Stored data:

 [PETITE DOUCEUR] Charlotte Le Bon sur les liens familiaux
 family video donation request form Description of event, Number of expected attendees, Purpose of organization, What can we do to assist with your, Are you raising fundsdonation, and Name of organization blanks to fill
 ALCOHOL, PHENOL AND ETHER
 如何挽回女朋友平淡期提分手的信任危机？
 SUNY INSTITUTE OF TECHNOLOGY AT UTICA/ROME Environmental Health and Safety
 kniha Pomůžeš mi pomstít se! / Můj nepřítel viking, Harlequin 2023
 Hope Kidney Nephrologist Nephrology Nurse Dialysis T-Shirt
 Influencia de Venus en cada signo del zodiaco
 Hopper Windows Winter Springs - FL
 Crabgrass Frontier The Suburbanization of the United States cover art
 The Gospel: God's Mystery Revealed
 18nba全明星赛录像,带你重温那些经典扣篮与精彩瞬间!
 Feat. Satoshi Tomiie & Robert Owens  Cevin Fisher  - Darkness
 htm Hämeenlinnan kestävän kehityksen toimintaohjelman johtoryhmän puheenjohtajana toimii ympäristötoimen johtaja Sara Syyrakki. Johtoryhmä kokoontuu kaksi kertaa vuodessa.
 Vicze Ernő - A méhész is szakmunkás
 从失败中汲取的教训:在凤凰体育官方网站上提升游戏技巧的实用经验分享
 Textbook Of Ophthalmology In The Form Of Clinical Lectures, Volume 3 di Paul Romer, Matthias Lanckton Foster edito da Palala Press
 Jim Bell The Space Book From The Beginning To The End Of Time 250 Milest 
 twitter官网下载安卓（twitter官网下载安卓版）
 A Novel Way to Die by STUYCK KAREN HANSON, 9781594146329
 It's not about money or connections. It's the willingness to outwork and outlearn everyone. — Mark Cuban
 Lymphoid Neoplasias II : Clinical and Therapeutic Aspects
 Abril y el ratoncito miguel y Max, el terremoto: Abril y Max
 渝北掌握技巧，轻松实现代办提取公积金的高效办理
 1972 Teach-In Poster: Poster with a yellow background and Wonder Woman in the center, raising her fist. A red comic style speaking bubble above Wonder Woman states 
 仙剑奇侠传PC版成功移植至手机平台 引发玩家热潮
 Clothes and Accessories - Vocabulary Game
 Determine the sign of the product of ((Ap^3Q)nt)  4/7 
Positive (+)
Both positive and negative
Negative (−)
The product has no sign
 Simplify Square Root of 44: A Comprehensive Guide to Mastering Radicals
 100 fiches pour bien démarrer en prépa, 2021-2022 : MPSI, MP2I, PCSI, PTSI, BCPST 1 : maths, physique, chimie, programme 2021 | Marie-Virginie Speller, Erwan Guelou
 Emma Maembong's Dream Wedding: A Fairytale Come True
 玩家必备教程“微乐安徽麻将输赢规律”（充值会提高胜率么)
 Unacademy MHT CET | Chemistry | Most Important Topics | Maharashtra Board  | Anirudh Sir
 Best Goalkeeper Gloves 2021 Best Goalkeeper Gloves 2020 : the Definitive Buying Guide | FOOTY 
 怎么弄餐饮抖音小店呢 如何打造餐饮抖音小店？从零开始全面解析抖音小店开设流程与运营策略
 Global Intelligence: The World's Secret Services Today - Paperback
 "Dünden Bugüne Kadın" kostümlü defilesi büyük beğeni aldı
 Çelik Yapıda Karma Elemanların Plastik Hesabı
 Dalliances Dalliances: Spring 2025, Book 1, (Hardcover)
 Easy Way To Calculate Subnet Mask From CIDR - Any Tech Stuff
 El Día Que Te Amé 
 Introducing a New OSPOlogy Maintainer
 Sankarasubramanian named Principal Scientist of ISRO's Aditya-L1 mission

» **ABOUT THIS TASK**: Show each line in the data where the string "raising" appears.

» **ANSWER SECTION**:
 family video donation request form Description of event, Number of expected attendees, Purpose of organization, What can we do to assist with your, Are you raising fundsdonation, and Name of organization blanks to fill
 1972 Teach-In Poster: Poster with a yellow background and Wonder Woman in the center, raising her fist. A red comic style speaking bubble above Wonder Woman states 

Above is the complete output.